Ik kwam er niet achter. Wel meende ik op een helder moment er een soort parodie op Yup vh Hek in te herkennen - Van ‘t Hek voor toneelpubliek, zoiets. Zo klopte de voorstelling best goed eigenlijk: een herhalende publikumsbeschimpfung door een lelijke vent, en publiek dat om de niet-grappige en van ver zichtbare grappen lacht.
Zó kan ik ‘m wel waarderen. Dan klopt het ook goed dat de grappen geen grappen zijn; hooguit misschien Duitse humor?

Misschien miste ik de finesses in de tekst (in het spel zag ik ze wel). Misschien. Het lachen werd gedaan door vrouwen, en die hebben toch andere zintuigen. Misschien lag het aan mij.
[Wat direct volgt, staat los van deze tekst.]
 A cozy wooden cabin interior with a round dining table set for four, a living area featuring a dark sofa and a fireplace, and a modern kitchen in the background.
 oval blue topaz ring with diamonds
Een gewei overigens voor het spel, Herman Gilis bleef als speler zeker boeien. Echt jammer dat hij deze tekst moest spreken. Een tomaat voor de keuze van het stuk, voor de regiekeuze om ons de metropassagiers te laten zijn (wat we niet waren, het verhaal ging dus over onze hoofden heen en hoefde niet eens van onze gladde schouders te vallen) en voor het uitschelden van de paus. Waarschijnlijk ook een keuze van de schrijver, maar totaal overbodig, totaal onorigineel - en bovendien ging het om de ouwe Woytila die toch alweer een jaar dood is. En een tomaat voor mezelf omdat ik geklapt heb na afloop (voor de acteur hé), maar geen boe heb laten horen.
Gelukkig was het zaterdagavond en nog tijd genoeg om bier te drinken.
O, even nalezen nog, deze ‘recensie’, was ik niet te monotoon negatief..?
Nou, nee.

eswé gezien 15/04/2006

SKaGen brengt deze keer een bewerking van La Peste van Albert Camus, een herkenbare bewerking deze keer. Zoals ze in The Dayroom al geëxperimenteerd hadden, gebruiken ze hier terug de blue screen techniek om op een scherm het eigenlijke beeld samen te stellen. De acteurs spelen met een paar requisieten zoals een stoel of een tafel, tegen een blauwe achtergrond. Op het scherm worden dan andere elementen ingevoegd. Op dat scherm zie je ook meer dan dat : een maquette die de stad voorstelt, het volk van die stad dat uitgebeeld wordt door playmobil-poppetjes en tenslotte de scènes die de acteurs spelen.
Dat technische huzarenstukje (het komt op een centimeter aan) leidt aanvankelijk de aandacht af van het stuk zelf. Je bewondert de techniek en zit uit te vissen hoe het allemaal in elkaar zit en vergeet dat hier een toneelstuk wordt opgevoerd.
Het is pas na een tijdje dat de aandacht terug naar het verhaal gaat. Halverwege begint het concept te werken en daar zijn de acteerprestaties niet vreemd aan. De centrale figuur is dokter Rieux, Mathijs Scheepers geeft hem vorm met een grote maturiteit. We hebben hem doorheen de SKaGen-producties stap voor stap zien groeien. Het is vooral dankzij hem dat de voorstelling je uiteindelijk toch in de ban krijgt.